In a country where many go unpunished in astronomically big scams, a government employee has lost his job for pocketing R15.
Mahinder Pal, a bus conductor with Delhi Transport Corporation (DTC), was thrown out of job for collecting R15 from three passengers without issuing tickets to them in 1993. Seventeen years later, the Delhi High Court on September 13 upheld his dismissal.
Playing foul with public money gradually destroys the national economic growth, said a division bench of Chief Justice Dipak Mishra and Justice Manmohan.
The court took note of the fact that it was the third occasion when Pal indulged in such an act. On earlier two occasions, he was let off with minor punishments. Rejecting his plea for leniency, the HC said: "Leniency has its limit. Mercy cannot be shown to the undeserved."
Pal had moved the division bench of HC against a single judge's order upholding a labour court's decision putting a seal of approval on his removal from services of DTC as a bus conductor on October 27, 1994.
According to DTC counsel Hanu Bhaskar, Pal was appointed as a conductor with the DTC on August 1, 1983. On September 16, 1993, while he was on duty in Bus No. 9870 on inter-state route from Delhi to Chhutmulpur, the checking squad checked the bus at Gagal Hedi and found that three passengers were travelling from Saharanpur to Gagal Hedi without having tickets though Pal had collected a fare of R5 each from them.
"A conductor in a bus is a primary collector of revenue.
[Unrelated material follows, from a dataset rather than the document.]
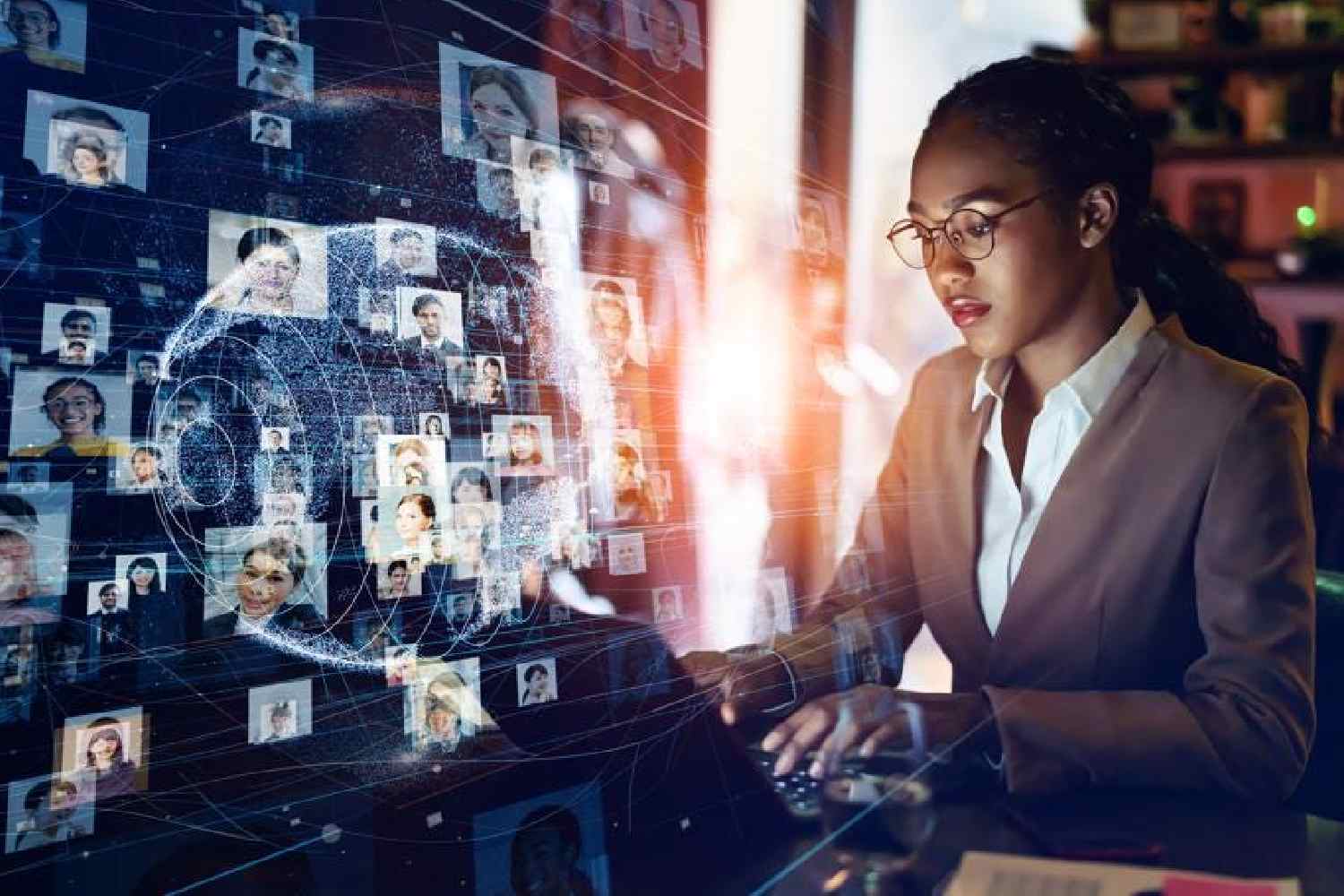 Construa uma Rede de Contatos Estratégica - inspiração 1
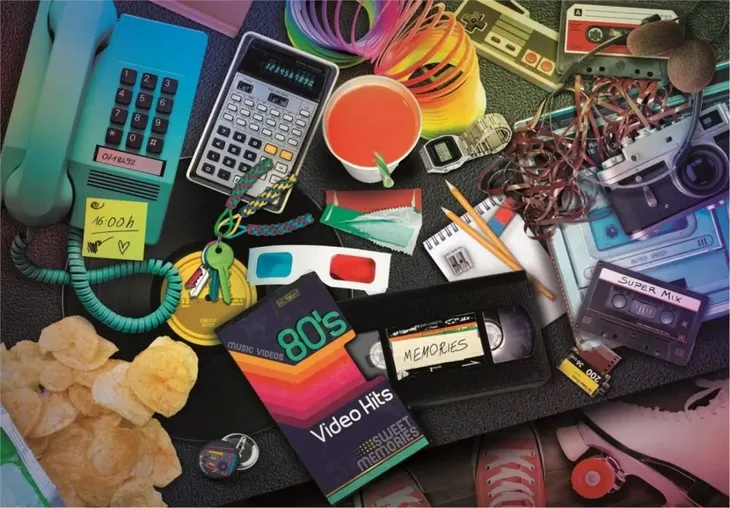 puzzle-1000-hq-80s-nostalgia-kolekcja-high-quality-collection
If he plays foul with it, the only expected result would be a loss to the corporation," the court said rejecting Pal's argument that he shouldn't be sacked for a paltry sum of R15.
The bench termed Pal's argument as "totally inconsequential" saying, “A person who deals with public money is expected to realise his responsibility and his fiduciary capacity while he acts in holding the said money."